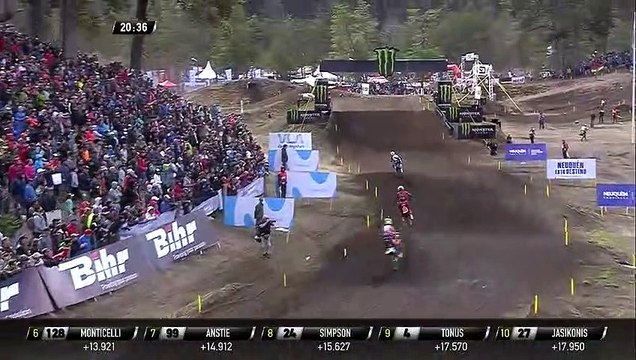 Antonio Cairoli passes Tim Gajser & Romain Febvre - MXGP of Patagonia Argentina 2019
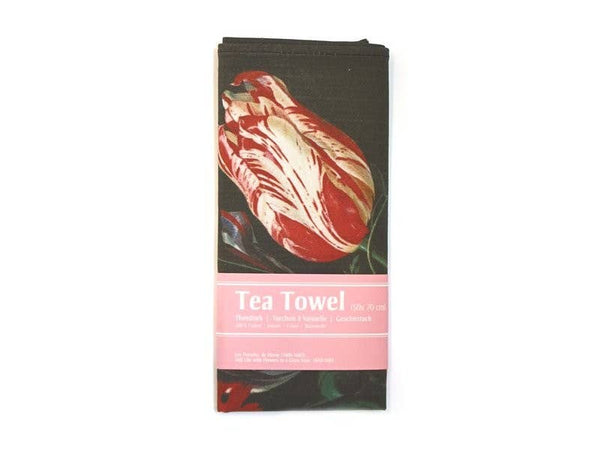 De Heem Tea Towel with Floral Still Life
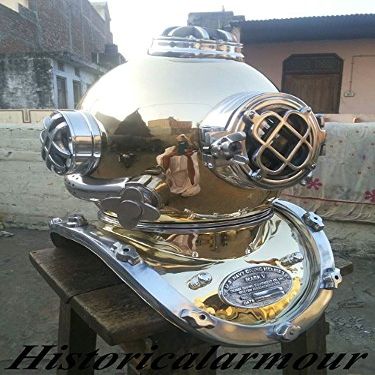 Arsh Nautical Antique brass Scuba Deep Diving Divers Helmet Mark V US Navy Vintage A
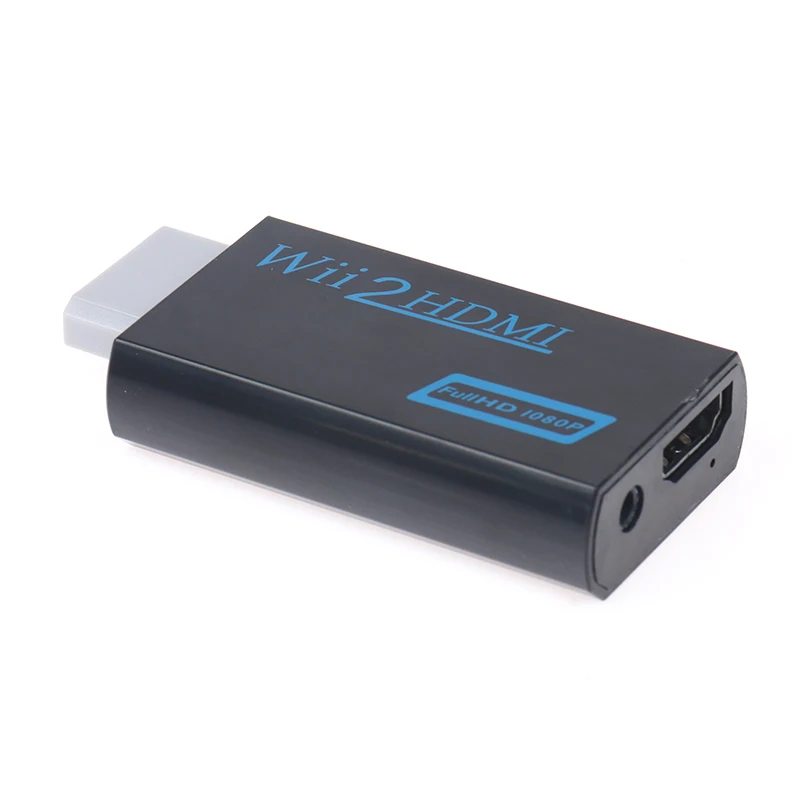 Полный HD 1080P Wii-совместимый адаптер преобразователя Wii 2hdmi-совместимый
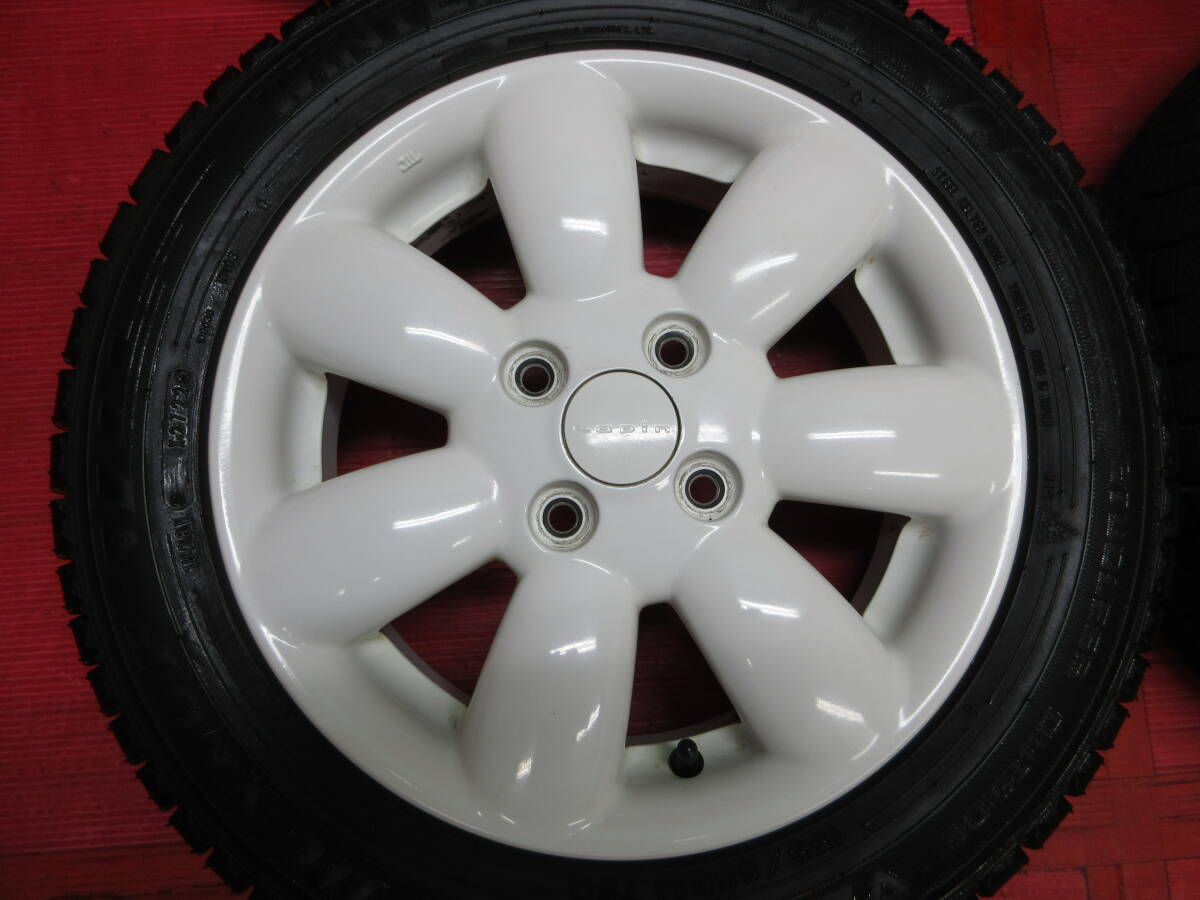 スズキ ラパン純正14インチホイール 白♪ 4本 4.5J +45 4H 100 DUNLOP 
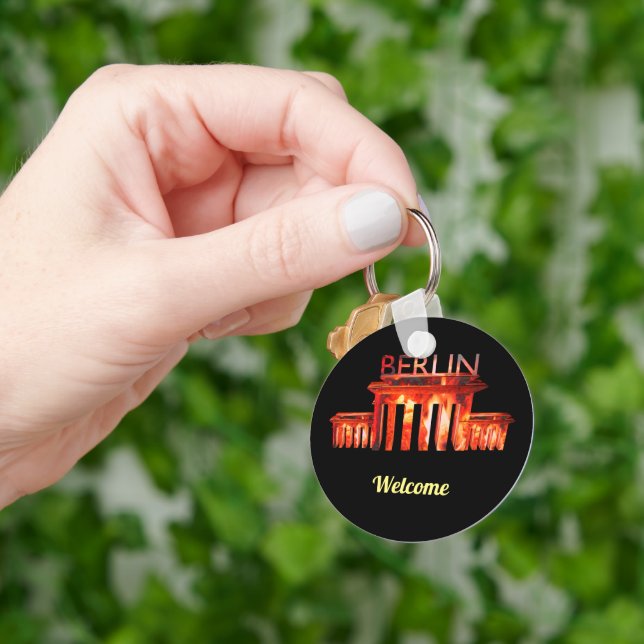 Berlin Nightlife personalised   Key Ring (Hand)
__________
#### TRY IT
Take the line with "スズキ ラパン純正14インチホイール 白♪" and every line after it through the end of the data, and write only them out exactly, leaving out the pictures.

#### RESPONSE FOR THIS EXERCISE
 スズキ ラパン純正14インチホイール 白♪ 4本 4.5J +45 4H 100 DUNLOP 
 Berlin Nightlife personalised   Key Ring (Hand)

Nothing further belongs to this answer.